Félicité peu auparavant pour sa victoire par, notamment, le président français Nicolas Sarkozy, la chancelière allemande Angela Merkel  et le président du Conseil de l'Union européenne, Herman Van Rompuy, le chef de la droite espagnole cherchait manifestement, par son discours, à les rassurer au moment où les incertitudes sur l'Espagne contribuent à alimenter la crise de la dette qui secoue la zone euro.

Les élus basques d'Amaiur siégeront à Madrid pour y réclamer l'autodétermination

Sur le plan intérieur, la débâcle socialiste a fait le bonheur aussi, outre celui du PP, de onze petits partis qui dessinent un Parlement très fragmenté. Attirant probablement une partie des "indignés" qui ne se fient ni au PP ni au PSOE, les écolos-communistes de la Gauche unie (Izquierda Unida, IU) décrochent, avec 6,92% des suffrages, 11 députés contre à peine 2 en 2008. Les centristes de Union progrès et démocratie (UPyD), crédités de 4,69% des voix, comptent désormais 5 députés contre un seul dans la législature sortante.

Mais ce sont à nouveau la Catalogne et le Pays basque qui se distinguent le plus. Vainqueurs habituels de scrutins régionaux, les nationalistes catalans modérés de Convergence et Union (CyU) remportent pour la première fois une élection nationale dans leur région, au détriment des socialistes, envoyant à Madrid 16 députés (+6) et 9 sénateurs (+5).

Et au Pays basque, le plus grand nombre de députés nationaux, 6 contre 5 au vieux Parti nationaliste basque (PNV), 4 aux socialistes et 3 au PP, est obtenu avec 24,12% des suffrages locaux par les amis des séparatistes de l'ETA, regroupés au sein de la coalition Amaiur (nom basque de la localité navarraise de Maya, célèbre pour sa résistance au 16e siècle à la couronne de Castille).
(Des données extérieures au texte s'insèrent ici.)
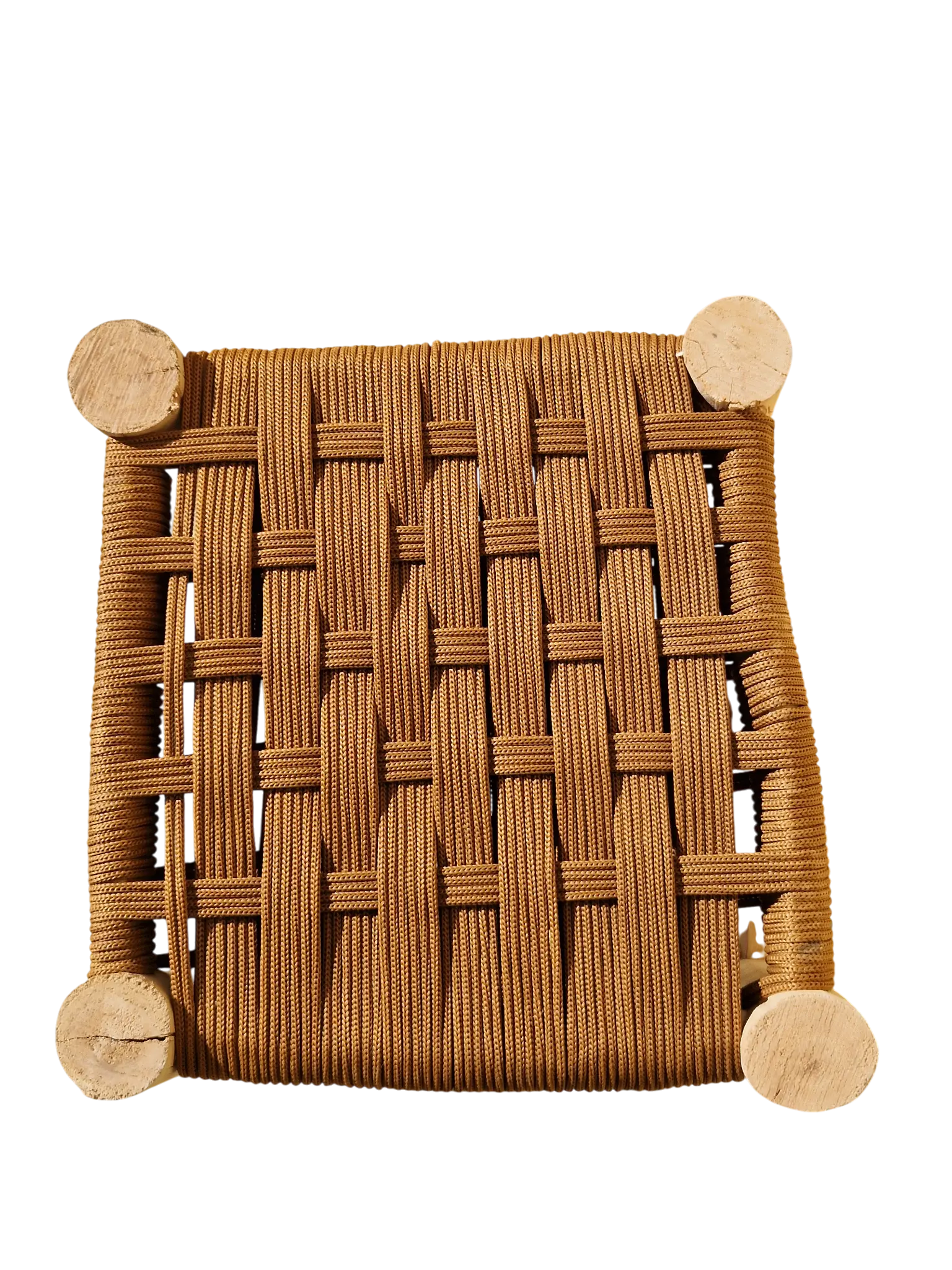 Tabouret marocain berbère fait main Assise tressée en nylon doré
Les Basques offrent en outre à Amaiur 3 sénateurs et les Navarrais un 7ème député.

C'est la première fois que le PNV est surpassé par la représentation politique de l'ETA, tolérée à nouveau depuis le printemps dernier pour n'être pas considérée comme telle par le Tribunal constitutionnel [sous influence dominante du PSOE; ndlr], malgré l'avis contraire des autres instances judiciaires.

L'organisation terroriste avait annoncé le 20 octobre dernier "l'arrêt définitif" de son "activité armée", mais non sa dissolution. Qu'il résulte d'une faiblesse opérationnelle liée à l'efficacité policière ou d'un pacte non avoué avec M. Zapatero, le silence des bombes de l'ETA est compensé aujourd'hui par une envolée électorale peut-être plus inquiétante à terme pour l'Espagne que les attentats. Les élus d'Amaiur affirment qu'ils siégeront à Madrid pour y réclamer au nom des Basques "le droit à décider", c'est-à-dire l'autodétermination.